# Angular velocity of a motor

1. Sep 12, 2015

### Jumponright

1. The problem statement, all variables and given/known data
Hi all I am doing a school physics project and I am trying to find the maximum angular velocity of a DC motor. I have built a circuit consisting of a charged capacitor (of known voltage) and a motor. I then try to predict the maximum angular velocity attained by the motor.

2. Relevant equations

3. The attempt at a solution
Is it possible to equate the energy of a capacitor and the kinetic energy of the motor like this?
$$\frac{1}{2} C V^2=\frac{1}{2}Iɷ^2$$
can i similarly integrate it to find the angular displacement?

Thanks for the help guys

2. Sep 12, 2015

### Hesch

No, you cannot, because there will be conductive losses in the windings of the motor, and the capacitor will not be completely discharged ( due to the back-emf of the motor ).

You must make a complete model of the capacitor/motor, including:

- Capacitor voltage (t).
- Back emf in the motor.
- Self induction in the motor.
- Motor inertia.
- Resistance in motor windings.

The easiest way is to do this by Laplace transforms.

You know how to do that ?

3. Sep 12, 2015

### Jumponright

not really, can you explain it? thanks

4. Sep 12, 2015

### Hesch

Well, I can explain it ( with some diagrams, and so on ).

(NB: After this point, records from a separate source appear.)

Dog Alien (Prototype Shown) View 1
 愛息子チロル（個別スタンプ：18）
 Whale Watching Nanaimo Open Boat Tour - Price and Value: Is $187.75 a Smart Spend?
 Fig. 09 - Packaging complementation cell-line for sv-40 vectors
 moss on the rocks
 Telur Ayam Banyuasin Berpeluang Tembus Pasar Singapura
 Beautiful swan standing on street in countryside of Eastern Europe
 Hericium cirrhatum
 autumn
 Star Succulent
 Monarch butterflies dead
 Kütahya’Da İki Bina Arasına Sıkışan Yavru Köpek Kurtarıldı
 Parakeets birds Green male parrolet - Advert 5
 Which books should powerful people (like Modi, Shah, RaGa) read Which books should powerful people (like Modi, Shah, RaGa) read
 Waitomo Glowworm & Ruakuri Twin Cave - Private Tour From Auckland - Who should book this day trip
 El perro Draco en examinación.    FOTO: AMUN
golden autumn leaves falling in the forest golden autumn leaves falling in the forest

But are you familiar with Laplace transforms at all ?

For example: The impedance of a capacitor, ZC(s) = 1/(sC) ?
Or when you ( in time-domain ) integrate a signal, you divide by s in the Laplace domain ?

If you are familiar with that, I can sketch a diagram with an explanation.

5. Sep 15, 2015

### Jumponright

I have just read a bit on Laplace transforms, I can try to understand it

6. Sep 16, 2015

### Hesch

Do you have some (realistic) values as for the above? ( also the value of the capacitor ).

I think that an algebraic explanation will be a mess.